# Other Places Around The World > France Travel Forum >  >  Hey guys.....I'm getting anxious!!!! 5 more days until we leave for Praiano, Capri AND our 1st trip to Paris!!!!! I can't wait!!!!!!Any suggestions welcome, .....we have reservations at Altitude 95 fo

## LindaP

Hey guys.....I'm getting anxious!!!! 5 more days until we leave for Praiano, Capri AND our 1st trip to Paris!!!!! I can't wait!!!!!!Any suggestions welcome, .....we have reservations at Altitude 95 for dinner one night....this is our second time to Capri, what an awesome place....., but Paris is going to be a welcome first!!!!I guess it will be a memorable 30th anniversary....we'll send out a trip report on return!!!  Linda and Bill

----------


## JEK

Happy anniversary!
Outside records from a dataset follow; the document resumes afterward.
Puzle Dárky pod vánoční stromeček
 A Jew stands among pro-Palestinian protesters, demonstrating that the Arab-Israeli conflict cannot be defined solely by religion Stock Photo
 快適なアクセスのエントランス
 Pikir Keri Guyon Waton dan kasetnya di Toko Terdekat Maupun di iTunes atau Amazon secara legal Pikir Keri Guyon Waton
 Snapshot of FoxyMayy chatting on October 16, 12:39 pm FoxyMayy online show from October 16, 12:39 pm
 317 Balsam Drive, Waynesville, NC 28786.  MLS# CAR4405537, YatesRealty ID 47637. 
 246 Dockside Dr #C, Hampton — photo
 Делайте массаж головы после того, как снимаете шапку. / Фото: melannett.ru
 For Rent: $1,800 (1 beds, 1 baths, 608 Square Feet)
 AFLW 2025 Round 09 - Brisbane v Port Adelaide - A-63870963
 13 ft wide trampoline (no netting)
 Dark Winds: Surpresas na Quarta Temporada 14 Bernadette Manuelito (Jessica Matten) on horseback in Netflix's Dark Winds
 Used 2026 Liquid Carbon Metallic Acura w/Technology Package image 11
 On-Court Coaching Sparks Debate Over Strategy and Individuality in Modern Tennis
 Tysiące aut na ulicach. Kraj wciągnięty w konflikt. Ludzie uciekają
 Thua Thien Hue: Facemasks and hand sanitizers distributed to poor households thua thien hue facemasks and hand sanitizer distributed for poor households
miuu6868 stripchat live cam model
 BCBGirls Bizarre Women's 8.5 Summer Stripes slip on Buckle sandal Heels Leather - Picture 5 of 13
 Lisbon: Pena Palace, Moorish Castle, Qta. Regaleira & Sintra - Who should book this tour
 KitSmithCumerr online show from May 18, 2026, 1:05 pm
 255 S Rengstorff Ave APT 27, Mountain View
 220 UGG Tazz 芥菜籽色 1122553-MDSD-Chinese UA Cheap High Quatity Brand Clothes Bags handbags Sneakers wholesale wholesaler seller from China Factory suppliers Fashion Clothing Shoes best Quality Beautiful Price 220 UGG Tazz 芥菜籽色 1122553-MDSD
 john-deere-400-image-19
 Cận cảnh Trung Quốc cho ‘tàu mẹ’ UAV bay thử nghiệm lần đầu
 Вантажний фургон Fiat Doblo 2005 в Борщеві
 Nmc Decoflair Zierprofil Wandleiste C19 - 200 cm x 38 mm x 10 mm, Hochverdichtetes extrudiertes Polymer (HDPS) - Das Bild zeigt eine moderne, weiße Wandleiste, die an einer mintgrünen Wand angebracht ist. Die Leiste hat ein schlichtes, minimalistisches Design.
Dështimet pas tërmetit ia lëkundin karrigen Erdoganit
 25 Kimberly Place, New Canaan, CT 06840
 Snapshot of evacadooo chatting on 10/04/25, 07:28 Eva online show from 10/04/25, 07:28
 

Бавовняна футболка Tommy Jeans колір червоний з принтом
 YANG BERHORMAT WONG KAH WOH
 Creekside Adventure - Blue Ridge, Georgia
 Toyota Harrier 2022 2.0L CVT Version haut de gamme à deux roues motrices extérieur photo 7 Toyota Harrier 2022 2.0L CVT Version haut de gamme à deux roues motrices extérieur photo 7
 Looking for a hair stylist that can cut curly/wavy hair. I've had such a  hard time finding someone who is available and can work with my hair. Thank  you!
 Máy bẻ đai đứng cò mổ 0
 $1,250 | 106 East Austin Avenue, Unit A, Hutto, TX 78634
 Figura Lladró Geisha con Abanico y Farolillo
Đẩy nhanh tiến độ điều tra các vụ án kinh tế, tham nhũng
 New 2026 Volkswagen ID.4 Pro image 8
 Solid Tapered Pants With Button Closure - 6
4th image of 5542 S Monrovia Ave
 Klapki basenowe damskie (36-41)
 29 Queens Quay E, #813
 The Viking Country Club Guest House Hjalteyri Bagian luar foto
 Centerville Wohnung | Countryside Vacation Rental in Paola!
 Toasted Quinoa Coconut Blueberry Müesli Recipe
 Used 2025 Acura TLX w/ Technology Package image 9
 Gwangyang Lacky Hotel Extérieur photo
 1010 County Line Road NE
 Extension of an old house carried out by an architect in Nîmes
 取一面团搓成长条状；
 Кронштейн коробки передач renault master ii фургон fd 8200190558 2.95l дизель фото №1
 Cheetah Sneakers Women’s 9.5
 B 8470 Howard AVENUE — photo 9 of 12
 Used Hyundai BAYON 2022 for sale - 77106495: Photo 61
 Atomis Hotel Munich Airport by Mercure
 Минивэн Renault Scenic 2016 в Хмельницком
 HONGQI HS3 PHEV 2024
Of course you will need to do all the standard sights: Notre Dame, Le Louvre, Eiffel Tower and many more.
Wait, Altitude 95 is on stage 1 of the Tower!

Nice menu, enjoy!

----------


## tim

Linda,

You have to go all the way to the top of the Eiffel Tower.  I know it's touristy, and I know there may be a long line, but it's worth it.  On a half decent day you can see the entire city from up there.

----------


## Eddie

If you're a fan of gothic architecture, and stained glass, don't miss Saint Chapelle. It has the most amazing stained glass I've ever seen.

----------


## LindaP

Thanks Eddie....I heard about that, and it is on my list of must see......someone suggested going around sunset, to see the stained glass in the sunset!!!!

----------


## Eddie

Linda,
It's amazing at any time, but I found it to be best when the sun shined through. I can't recall ever being so awed by a sight in my life. When you walk in, it doesn't seem like much. When you walk up the granite steps, worn away by hundreds of years of footsteps, you can't help being floored by the scene. I haven't been in about 30 years, but the impression is still fresh in my mind.

----------


## lloyd

Linda
Our second favourite place in the world
You will enjoy !!!

----------